Shortly after their 5 p.m. deadline on Tuesday, referendum sponsors announced they collected more than 152,000 signatures by their own count. The signatures still need to be verified by county clerks, who have two weeks to finalize the numbers.
“When I went through the numbers that were getting verified, nine of our counties were doing better than I expected,” said Cox. “I’m hoping that legislators realize that the bill is dead and it needs to stay dead. Yes, they have to balance the budget and there may need to be some changes as far as how we do things in the future, but all of these items were bad ideas.”
In response to the referendum, legislative leaders wrote, “We applaud those who have engaged in the civic process and made their voices heard. We are not foes on a political battlefield, we are all Utahns committed to getting our tax policy right. That work is just beginning.”
According to the statement, when the 2020 general legislative session begins Monday, legislative leaders will introduce a bill to repeal the changes made in the special session.
“The intention is that the bill will be ready for the governor’s signature before the completion of the first week of the session. Once the repeal is signed into law, the legislature will begin work under the reinstated tax code to prepare the fiscal year 2021 state budget. Repealing S.B. 2001 will enable the legislature to draft the budget without the uncertainty of a referendum potentially changing the tax code midway through the budget year.”
S.B. 2001 raises sales tax on a variety of items such as groceries and gas, while lowering the state income tax.
“The original challenge we worked to address lies before us still. Crafting the right policy is critical to our state’s long-term success,” the Utah Senate statement read. “Utah has never shrunk from a challenge and, working together, we will chart the right path forward.

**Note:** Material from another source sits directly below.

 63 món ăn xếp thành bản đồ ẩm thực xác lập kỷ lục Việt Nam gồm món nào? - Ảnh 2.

We will take time to reset and address this issue in the future in a way that allows all Utahns to fully understand the challenge we face, engage in the debate over the best solutions and, ultimately, enact policy that best positions Utah for decades to come.”
Sen. Adams said there likely won’t be anything else on tax reform this legislative session.

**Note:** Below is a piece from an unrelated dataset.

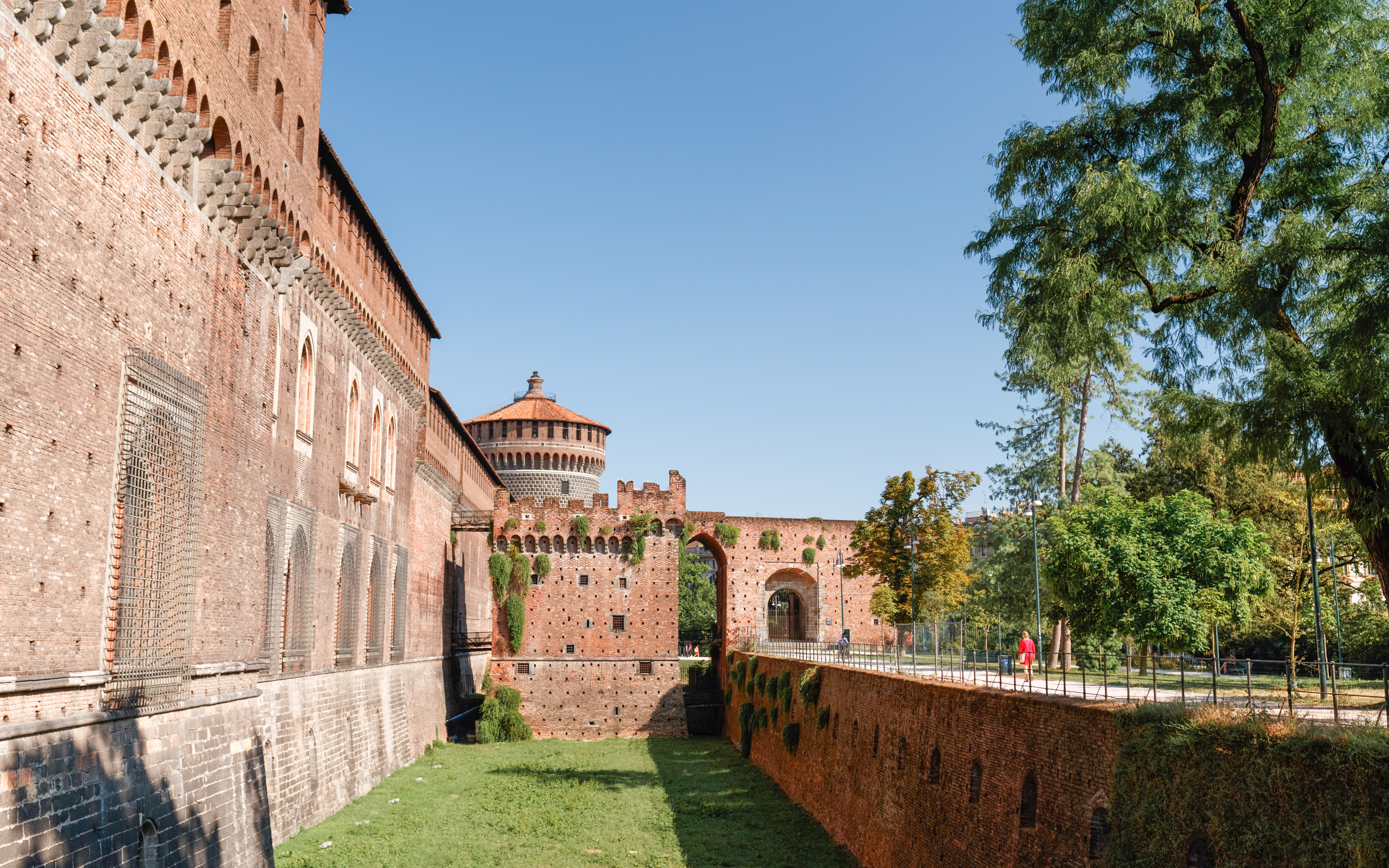 Sforza Castle Milan with brick walls and tower, surrounded by greenery.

“I actually think it might be better until our new governor is in place so we can work together and let their ideas be part of the process,” he said. “But I think we’ll pick tax reform up again next year and see what results we’re able to come up with because we do have a problem. Everybody agrees we do.”
Cox said they still want the county clerks and the Lieutenant Governor’s office to continue counting and verifying all of the signatures they’ve submitted. He said his group is open to working with lawmakers on restructuring Utah’s budget.
“If they’re interested in our opinion, we’ll certainly meet with them. But our group is nonpartisan and if they are actually interested in getting feedback from nonpartisan group, we certainly can put that in place,” he said.